◆ RECORDS FOR THE EXERCISE
--
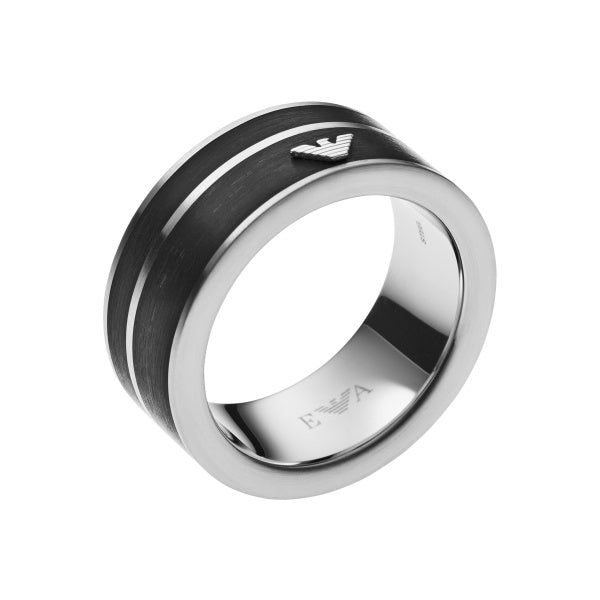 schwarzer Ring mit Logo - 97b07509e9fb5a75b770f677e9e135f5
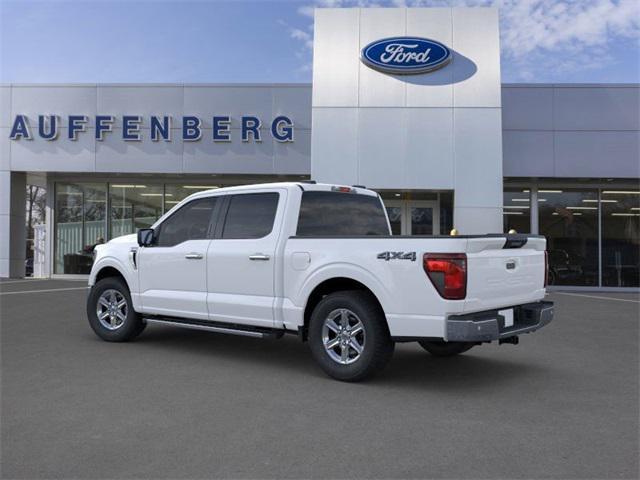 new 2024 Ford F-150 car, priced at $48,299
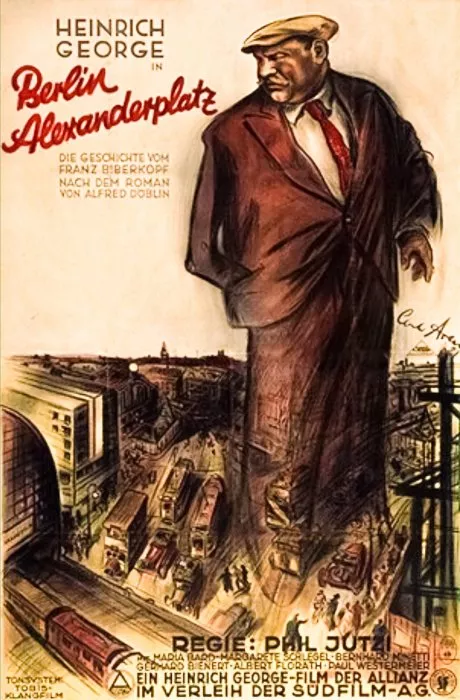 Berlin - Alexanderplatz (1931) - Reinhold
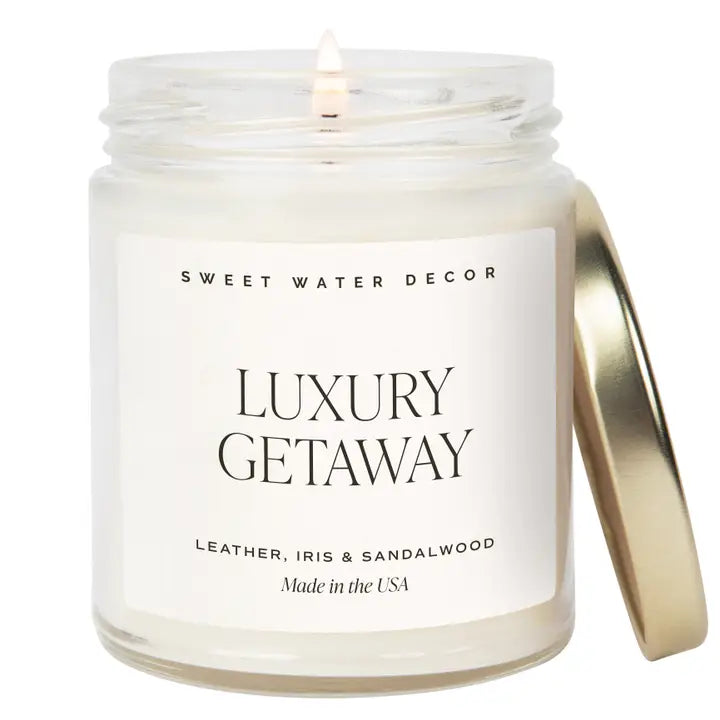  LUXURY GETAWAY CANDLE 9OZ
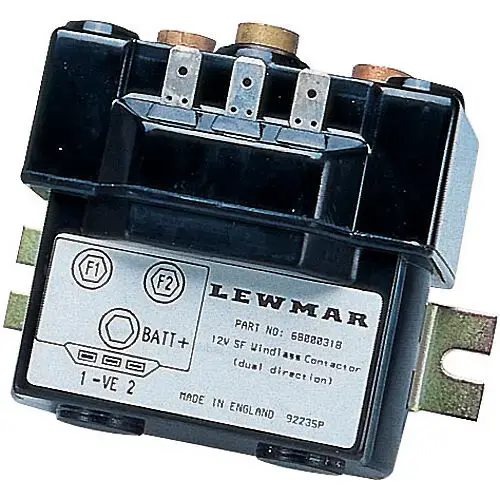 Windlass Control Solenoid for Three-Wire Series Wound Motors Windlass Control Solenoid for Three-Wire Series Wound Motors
--
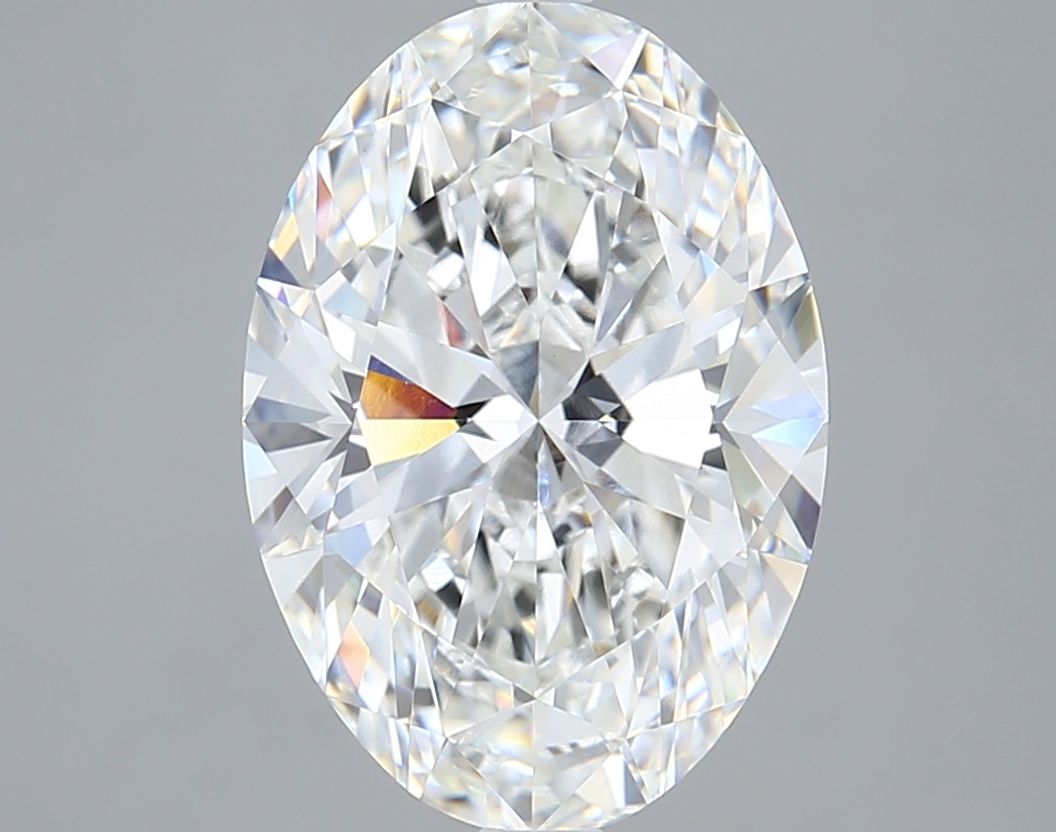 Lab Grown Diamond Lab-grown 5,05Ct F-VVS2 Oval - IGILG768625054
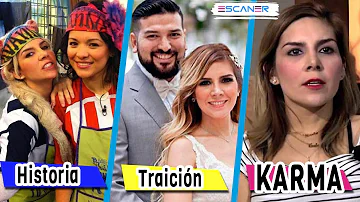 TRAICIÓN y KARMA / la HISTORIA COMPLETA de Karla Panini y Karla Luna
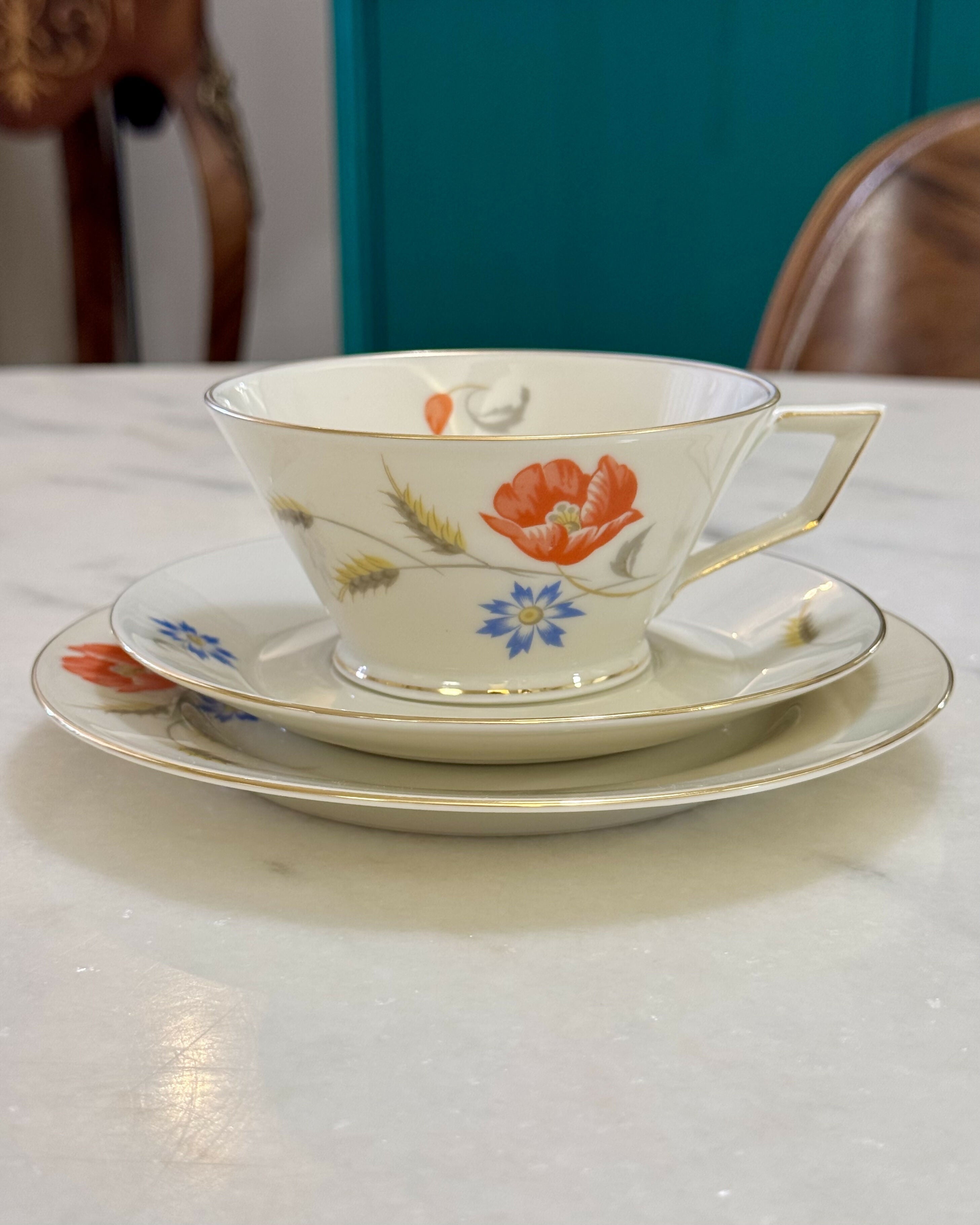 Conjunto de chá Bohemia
--
◆ YOUR OBJECTIVE
Above are some entries. Restate word for word the lines from the one holding "LUXURY GETAWAY CANDLE 9OZ" through the one holding "Wound Motors Windlass", but not the pictures.

◆ EXERCISE RESULT
  LUXURY GETAWAY CANDLE 9OZ
 Windlass Control Solenoid for Three-Wire Series Wound Motors Windlass Control Solenoid for Three-Wire Series Wound Motors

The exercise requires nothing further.